Rewrites the email parsing to be more clear and concise.

Adds testing to use httpx mocked responses to stand in as a server even offline
2025-12-20 01:45:58 -06:00 · 2023-06-01 14:50:08 -07:00
parent 6e65558ea4
commit 2c1cd25be4
9 changed files with 701 additions and 823 deletions
--- a/src/paperless_tika/parsers.py
+++ b/src/paperless_tika/parsers.py
@@ -1,10 +1,9 @@
 import os
 from pathlib import Path

-import dateutil.parser
 import httpx
 from django.conf import settings
-from tika import parser
+from tika_client import TikaClient

 from documents.parsers import DocumentParser
 from documents.parsers import ParseError
@@ -29,55 +28,38 @@ class TikaDocumentParser(DocumentParser):
        )

    def extract_metadata(self, document_path, mime_type):
-        tika_server = settings.TIKA_ENDPOINT
-
-        # tika does not support a PathLike, only strings
-        # ensure this is a string
-        document_path = str(document_path)
-
        try:
-            parsed = parser.from_file(document_path, tika_server)
+            with TikaClient(tika_url=settings.TIKA_ENDPOINT) as client:
+                parsed = client.metadata.from_file(document_path, mime_type)
+                return [
+                    {
+                        "namespace": "",
+                        "prefix": "",
+                        "key": key,
+                        "value": parsed.data[key],
+                    }
+                    for key in parsed.data
+                ]
        except Exception as e:
            self.log.warning(
                f"Error while fetching document metadata for {document_path}: {e}",
            )
            return []

-        return [
-            {
-                "namespace": "",
-                "prefix": "",
-                "key": key,
-                "value": parsed["metadata"][key],
-            }
-            for key in parsed["metadata"]
-        ]
-
-    def parse(self, document_path: Path, mime_type, file_name=None):
+    def parse(self, document_path: Path, mime_type: str, file_name=None):
        self.log.info(f"Sending {document_path} to Tika server")
-        tika_server = settings.TIKA_ENDPOINT
-
-        # tika does not support a PathLike, only strings
-        # ensure this is a string
-        document_path = str(document_path)

        try:
-            parsed = parser.from_file(document_path, tika_server)
+            with TikaClient(tika_url=settings.TIKA_ENDPOINT) as client:
+                parsed = client.tika.as_text.from_file(document_path, mime_type)
        except Exception as err:
            raise ParseError(
                f"Could not parse {document_path} with tika server at "
-                f"{tika_server}: {err}",
+                f"{settings.TIKA_ENDPOINT}: {err}",
            ) from err

-        self.text = parsed["content"].strip()
-
-        try:
-            self.date = dateutil.parser.isoparse(parsed["metadata"]["Creation-Date"])
-        except Exception as e:
-            self.log.warning(
-                f"Unable to extract date for document {document_path}: {e}",
-            )
-
+        self.text = parsed.content.strip()
+        self.date = parsed.metadata.created
        self.archive_path = self.convert_to_pdf(document_path, file_name)

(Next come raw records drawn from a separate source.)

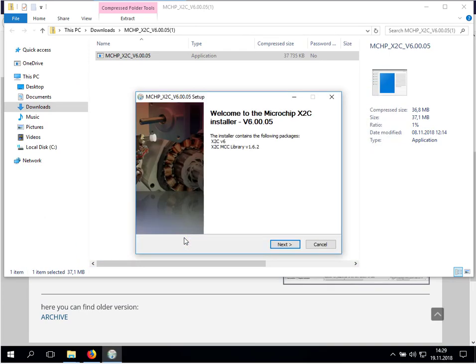Right after the splash screen you will see what will be installed. It's the all new X2C version 6 and the MCC library. Some new modules will come in the near future.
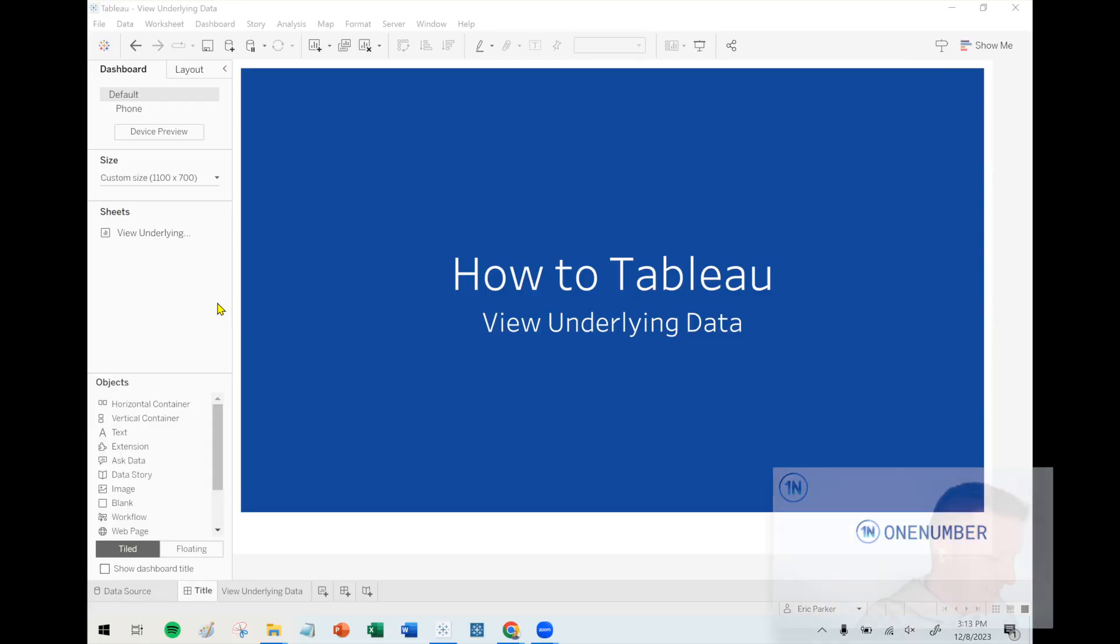Hello, my friends. This is Eric Parker with OneNumber Tableau Experts. In this week's quick tip video, we're going to cover how you view underlying rows of data when you have a data point in a Tableau worksheet. Let's dive into that.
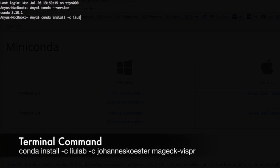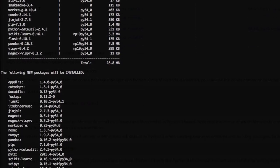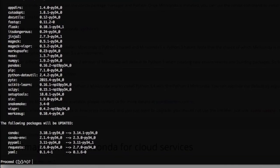To install the workflow, enter conda install -c liulab -c johanneskoester mageck-vispr. You can copy and paste this from the video description below.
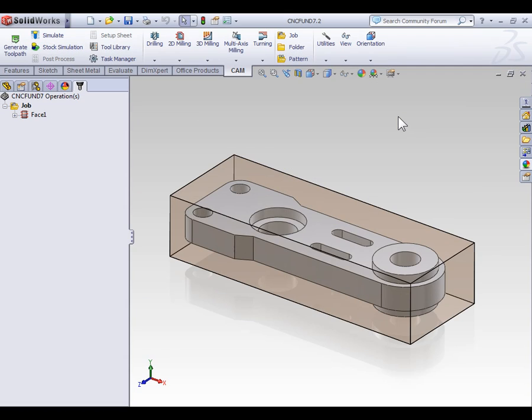In our last video, we looked at the basic functions of the facing operation. Now in this video, we're going to continue working with the same part file to look at some of the more advanced aspects of the facing operation.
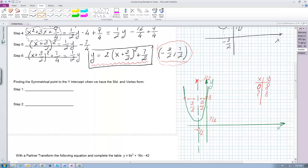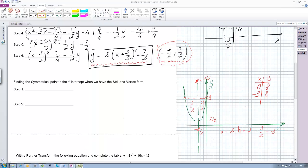The x-coordinate of the symmetrical point can be found by multiplying the x-coordinate of the vertex by 2. So x equals 2 times h, which equals 2 times negative three halves, giving us negative three. The y-value stays the same as the y-intercept, which is eight. This is how we find the coordinate of the symmetrical point to the y-intercept, and this concludes our brief lesson.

    def convert_to_pdf(self, document_path, file_name):
--- a/src/paperless_tika/tests/test_live_tika.py
+++ b/src/paperless_tika/tests/test_live_tika.py
@@ -9,7 +9,10 @@ from django.test import TestCase
 from paperless_tika.parsers import TikaDocumentParser


-@pytest.mark.skipif("TIKA_LIVE" not in os.environ, reason="No tika server")
+@pytest.mark.skipif(
+    "PAPERLESS_CI_TEST" not in os.environ,
+    reason="No Gotenberg/Tika servers to test with",
+)
 class TestTikaParserAgainstServer(TestCase):
    """
    This test case tests the Tika parsing against a live tika server,
@@ -25,7 +28,7 @@ class TestTikaParserAgainstServer(TestCase):
    def tearDown(self) -> None:
        self.parser.cleanup()

-    def try_parse_with_wait(self, test_file, mime_type):
+    def try_parse_with_wait(self, test_file: Path, mime_type: str):
        """
        For whatever reason, the image started during the test pipeline likes to
        segfault sometimes, when run with the exact files that usually pass.
--- a/src/paperless_tika/tests/test_tika_parser.py
+++ b/src/paperless_tika/tests/test_tika_parser.py
@@ -5,34 +5,38 @@ from unittest import mock

 from django.test import TestCase
 from django.test import override_settings
-from requests import Response
+from httpx import Request
+from httpx import Response
 from rest_framework import status

 from documents.parsers import ParseError
 from paperless_tika.parsers import TikaDocumentParser
+from paperless_tika.tests.utils import HttpxMockMixin


-class TestTikaParser(TestCase):
+class TestTikaParser(HttpxMockMixin, TestCase):
    def setUp(self) -> None:
        self.parser = TikaDocumentParser(logging_group=None)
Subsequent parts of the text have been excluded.